I always heat the water just until it starts to simmer, add the egg, and turn the heat to low, and let the edge poach, uncovered.  This way, the pan will not boil.


----------



## Chief Longwind Of The North (Oct 2, 2005)

For traditional poaching, you can't beat the advise given by AllenMI.  He knows his stuff.  I'd also add a bit of salt to the water, to flavor the otherwise bland egg-white.

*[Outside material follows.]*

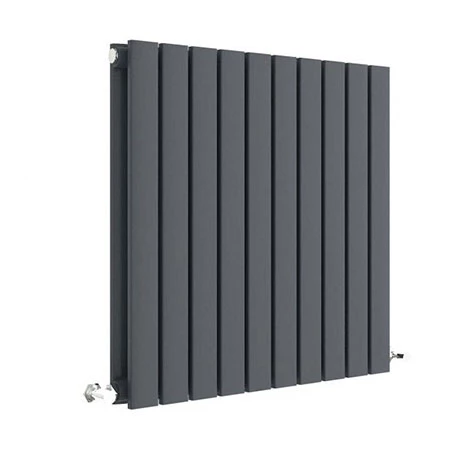 Hudson Reed Sloane 600 x 586mm Horizontal Double Panel Radiator - Anthracite - HLA55D 3 Hudson Reed Sloane 600 x 586mm Horizontal Double Panel Radiator - Anthracite - HLA55D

But the way I poach my eggs is with a poaching pan.  This pan has been a favorite of mine since I was a small child, watching my grandpa making wonderful poached eggs, with a solid white floating in butter, lightly salted, and a liquid yolk just wating to be placed on toasted bread, or an english muffin.  I have owned a few poaching pans since those days, even plastic poaching trays for the micro-wave.  I now have a good one that poaches four eggs and has removable non-stick-lined cups, with little handles, and a glass lid so I can see when the eggs are done.

Should you get this type of pan, if you want to poach less than four eggs, simply fill the unused cups with water.

Seeeeeeya; Goodweed of the North
I think I'm going to go poach me an egg.


----------



## Little Miss J (Oct 3, 2005)

thanks for the tips guys....i have been using vinegar but might try a poaching pan.  I am guessing that way the eggs have to stay in one spot!  I also think I may've had the water too hot as it was boiling rather than simmering.

Have used the microwave ones but I just don't think they taste the same! and they tend to explode all over my microwave...a bit too temperamental for me! (I am one of those crazy people that don't like a really runny egg yolk).


----------



## marmalady (Oct 3, 2005)

I use the poaching pan, too - even though it's not considered 'traditional' - but I love the way the eggs come out all nice and symmetrical! Besides, it's the way my gramma made them!


----------



## clasens (Jan 15, 2006)

*poaching*

The eggs seperate when they're not totally fresh.  I know this because we have chickens and when I poach them they come out perfect.  The vinegar is the perfect way to overcome this problen though.


----------



## QSis (Jan 15, 2006)

I like a runny, not raw, yolk.  Is three minutes about the amount of time to poach for that result?

Lee


----------



## Gretchen (Jan 15, 2006)

Another "tool" for poaching eggs is the ring of  a canning jar.  Butter it a bit, put in the water and slip your egg into this.  
As far as time, turn the water down to a simmer so the eggs aren't disturbed and "baste" the top of the yolk with spoonfuls of hot water to cook the top. Take it out when it is at your desired doneness.  Hard to tell if 3 minutes is it or not.


----------